Moreover, the increasing competition derived by the globalised economy, depicts a challenging scenario for the whole manufacturing industry and, in particular, for a mature technology like metal casting.
One promising solution to these challenges is to implement sustainability alongside traditional manufacturing decision variables [1] (Fig. 1). Sustainability has been defined rather broadly as meeting the present needs of mankind without hindering the same opportunity to future generations [2]. In more pragmatic terms, a “triple bottom line” is generally accepted where environmental, economic and societal aspects are considered together [3].
The tool presented in this paper has been designed to support this change although the current effort is more focussed on energy resilience and environmental aspects. However, its modular architecture allows future integrations to potentially encompass the entire sustainability spectrum.
2 Aims and Rationale
To discuss the challenges presented in the introduction, Cranfield University, with the collaboration of the UK Cast Metals Federation (CMF), organised a workshop that was attended by several stake-holders of the sector (i.e. foundries, suppliers, consultants and academics) [4, 5]. Among the key outcomes of the event, it was highlighted the need for a tool able to rapidly analyse foundry measurements. The computer program presented in this work implements this tool in a user friendly fashion. In particular, the focus is on the effective visualisation of material and energy flows encompassing the entire chain of processes from charge to waste. The program is designed to be used as a stand-alone tool or to be integrated with existing manufacturing tools (see Sect. 5). Its main goal is to support decision-making, offering a range of capabilities such as explore improvements, identify synergies or opportunities for energy scavenging, benchmark practices or train personnel to a correct behaviour. These features intend to promote a more energy resilient casting practice with the long-term potential to incorporate also the three areas of sustainability.
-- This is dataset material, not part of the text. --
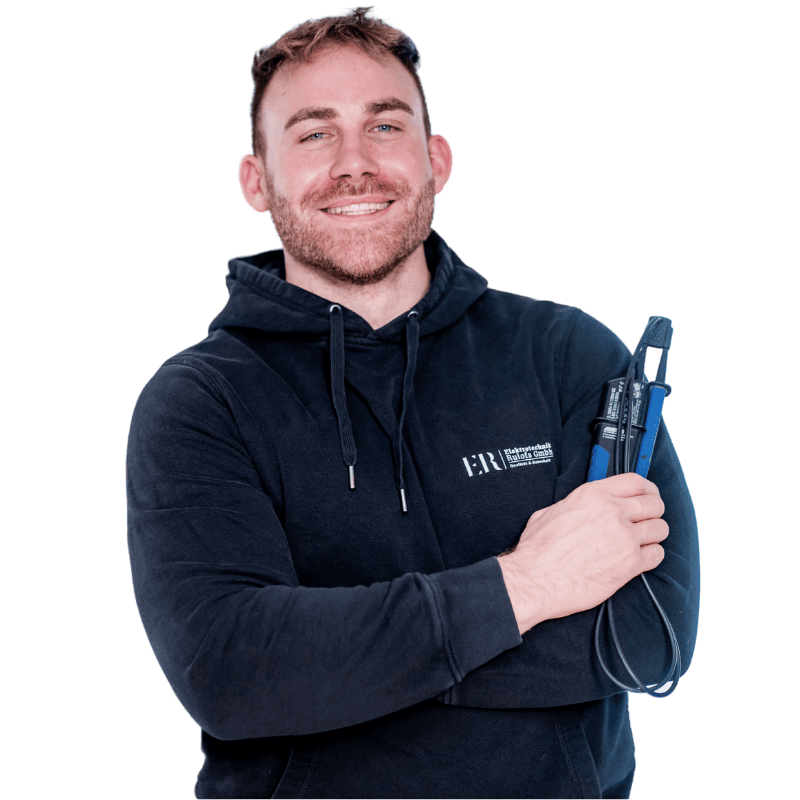 Elektriker mit Werkzeug in Klagenfurt – persönlicher Ansprechpartner der Elektrotechnik Rulofs GmbH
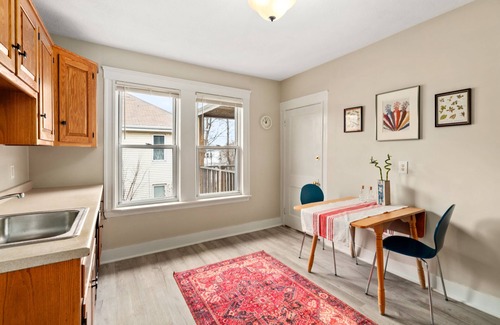 Metropolitan Hill - Beech Street Condominio | 6 Room: 2+ Bedroom: Sunny Quintessential Boston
Moreover, attention has been devoted to allow flexibility in selecting the type and level of detail of the input data required to adapt to different types of foundries (different processes) and different data sets available (very detailed versus broad information).
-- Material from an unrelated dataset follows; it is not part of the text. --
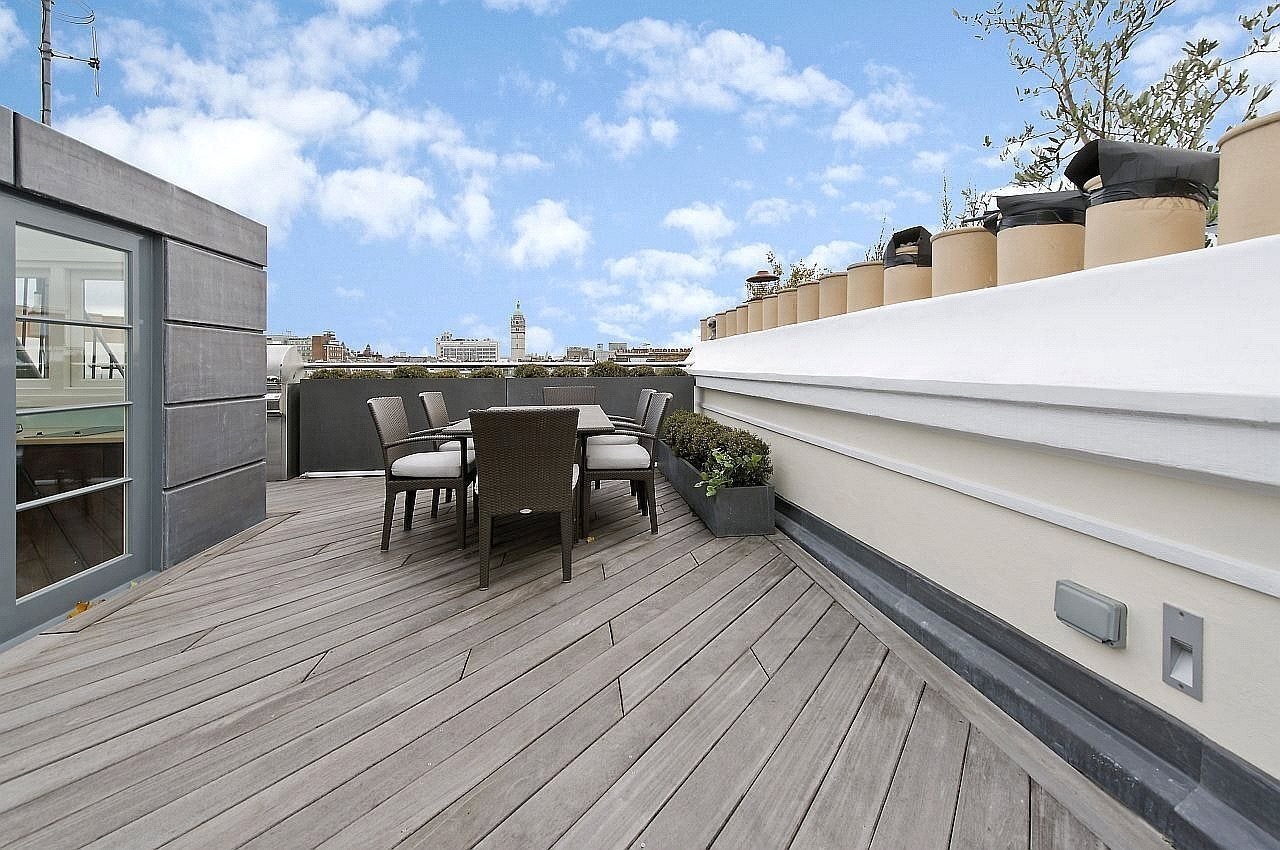Flat Cornwall Gardens in Greater London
3 Energy and Material Flows
As briefly mentioned, the energy intensive nature of foundries make them particularly sensitive to the cost of energy because it affects significantly their competitiveness. The on-going depletion of natural resources (including fossil fuels) clearly appears one important motivation to minimise energy inputs in foundries.
However, efforts aimed at the direct reduction of the energy required by casting processes must be supported by equally important endeavours related to material flows. In fact, a significant amount of energy is spent to melt metal that does not eventually remain part of the finished product. Relevant examples are the removal of the gating and oxidised or deteriorated scrap metal. One effective metric to represent the overall performance of the process with respect to material flows of the cast metal is the Operational Material Efficiency (OME), i.e. the ratio of the amount of shipped casting over the metal melt measured in a representative amount of time [6].
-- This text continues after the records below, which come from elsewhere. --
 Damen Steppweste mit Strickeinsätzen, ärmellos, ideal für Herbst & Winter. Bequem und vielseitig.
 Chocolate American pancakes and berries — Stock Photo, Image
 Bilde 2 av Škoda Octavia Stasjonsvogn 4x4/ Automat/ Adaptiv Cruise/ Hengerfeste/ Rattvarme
However, also ancillary material flows can impact negatively (and sometimes significantly) on the energetic performance of the plant. Examples of this type of material losses are the release in the environment of flue gasses obtained by the combustion of fossil fuels and the replacement or reclamation of sand in casting processes that make use of it.
Valid strategies applicable to the improvement of casting practices include audits and lean philosophy tools [7]. However, both show shortcomings for their implementation. Audits usually suggest improvements in the equipment [8, 9] that require capital investments often not viable for Small and Medium Enterprises (SMEs) like foundries [10,11,12]. Lean philosophy tools have the advantage of not requiring large investments but are usually less implemented in businesses like foundries where large stocks of raw materials are present [7].
Sankey diagrams can be an effective tool to better understand the process (as exemplified by Fig. 2) and aid decision-making [13]. Hence, it appears appropriate the decision to implement the ability to automatically generate Sankey diagrams in the computer program presented.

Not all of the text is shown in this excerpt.